TOKYO — Japan’s prime minister expressed outrage on Sunday at an image released Saturday that appeared to show the decapitated body of one of two Japanese hostages captured by Islamic State militants, and President Obama condemned what he called a “brutal murder.”
The kidnappers had threatened to kill the men if a Friday deadline passed for a $200 million ransom from Japan. On Saturday, a video appeared in which one of the hostages, Kenji Goto, a 47-year-old journalist, was shown holding a photo of what appeared to be the decapitated body of the other hostage, Haruna Yukawa, 42, an adventurer.
The prime minister, Shinzo Abe, said that while experts were still analyzing the photo, it had “a high chance of being real.” Speaking on a television debate show, Mr. Abe condemned the apparent killing of Mr. Yukawa as an “outrageous and unforgivable act of violence,” and demanded the immediate release of Mr. Goto.
The United States and Japanese governments have been scrambling to authenticate the video containing the image, and an accompanying audio of what purports to be Mr. Goto’s voice conveying a new demand by his captors.
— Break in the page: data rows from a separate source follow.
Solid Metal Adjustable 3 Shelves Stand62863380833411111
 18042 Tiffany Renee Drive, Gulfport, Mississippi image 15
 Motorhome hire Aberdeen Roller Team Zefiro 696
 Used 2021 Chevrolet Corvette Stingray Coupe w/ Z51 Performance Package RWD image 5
SITE Intelligence, an organization that tracks jihadist propaganda, said that it believed the image of Mr. Yukawa’s dead body was authentic. But Al Furqan, a media arm of the Islamic State that has in the past posted videos of the group’s beheadings, had not released anything confirming the apparent killing. A statement by SITE said the video was posted on Twitter accounts linked to the Islamic State, also known as ISIS or ISIL.
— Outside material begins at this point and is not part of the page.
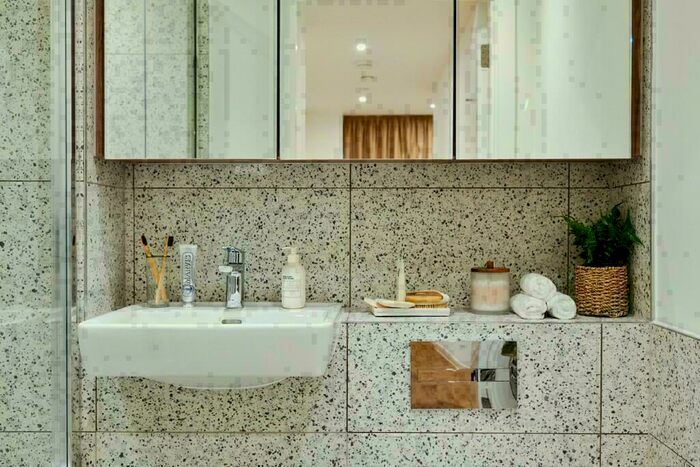 2 Bedroom Apartment To Rent In Sanday Drive, London, NW9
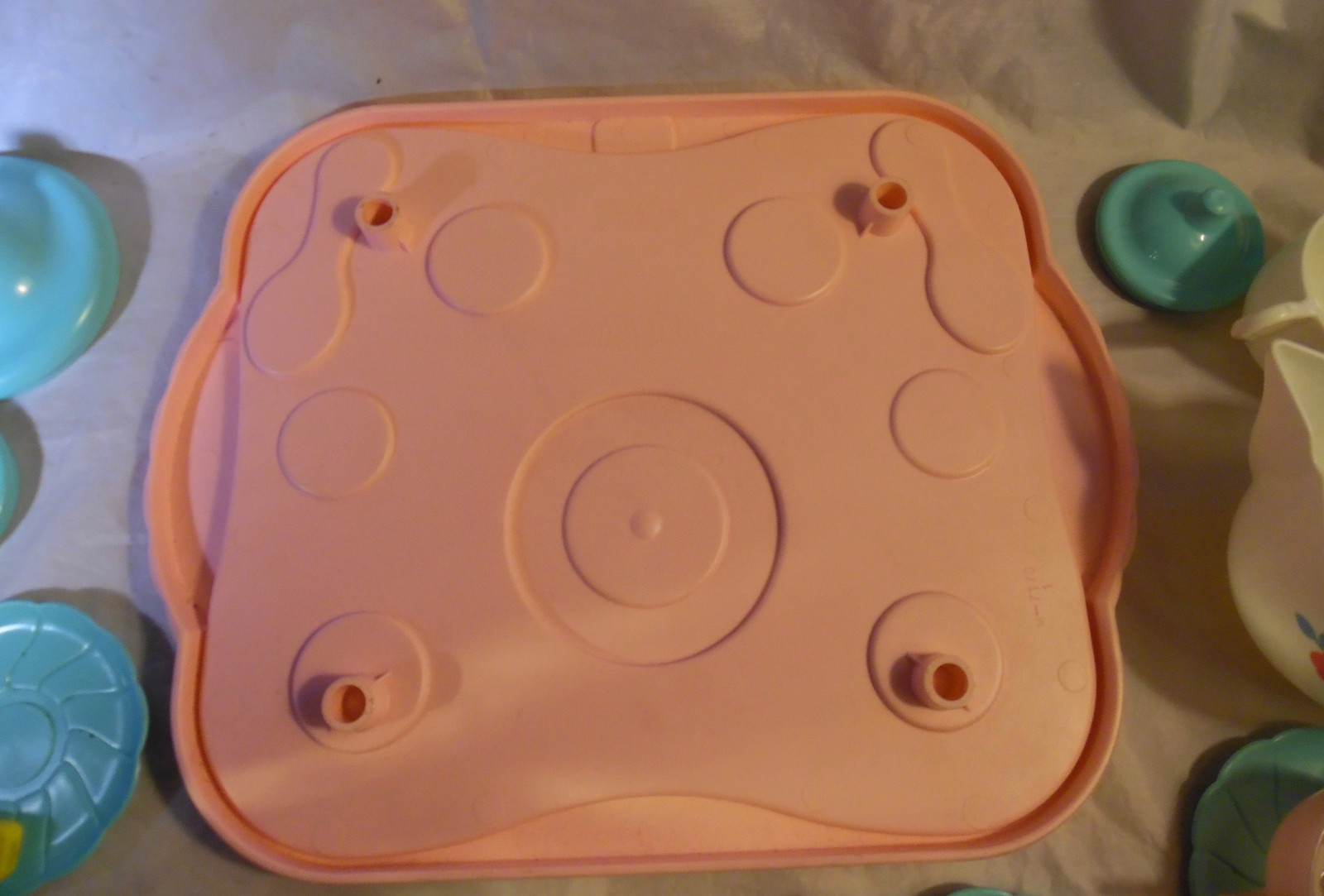 PLAYSKOOL MAGIC TEA PARTY tea set with COLOR CHANGE CUPS, pot, sugar bowl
The audio message accompanying the video said the Islamic State no longer demanded ransom for the second Japanese hostage, but instead offered to free him in exchange for the release of a woman facing the death penalty in Jordan for her role in a deadly 2005 bombing there. Mr. Obama, who was traveling to India, issued a statement saying that the “United States strongly condemns the brutal murder of Japanese citizen Haruna Yukawa by the terrorist group ISIL.”
American officials also appear close to concluding the video was real. Brian Hale, a spokesman for the Office of the Director of National Intelligence, said in an email Saturday night that “the U.S. intelligence community has no reason to doubt the authenticity of the video.”
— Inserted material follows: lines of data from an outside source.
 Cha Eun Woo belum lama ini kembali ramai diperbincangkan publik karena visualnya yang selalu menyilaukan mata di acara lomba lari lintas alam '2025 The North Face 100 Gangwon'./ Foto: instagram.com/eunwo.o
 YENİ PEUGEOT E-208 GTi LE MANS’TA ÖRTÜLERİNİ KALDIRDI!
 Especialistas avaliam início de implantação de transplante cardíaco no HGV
If the video is authentic, then the other hostage, Mr. Goto, remains alive, and is still being used by the Islamic State as a bargaining chip. Mr. Yukawa, a self-described military contractor who was captured in Syria in August, would be the first Japanese person to be killed by the Islamic State, which has established a self-proclaimed caliphate in parts of Syria and Iraq financed partly by ransom payments for kidnapped foreigners.
The SITE statement said a still image of Mr. Goto in shackles shows him holding a photo of a beheaded man, which it said was Mr. Yukawa. The video that included the still image was removed from YouTube early Saturday. The Islamic State has beheaded three Americans and two Britons in recent months, and showcased the killings via Internet video postings.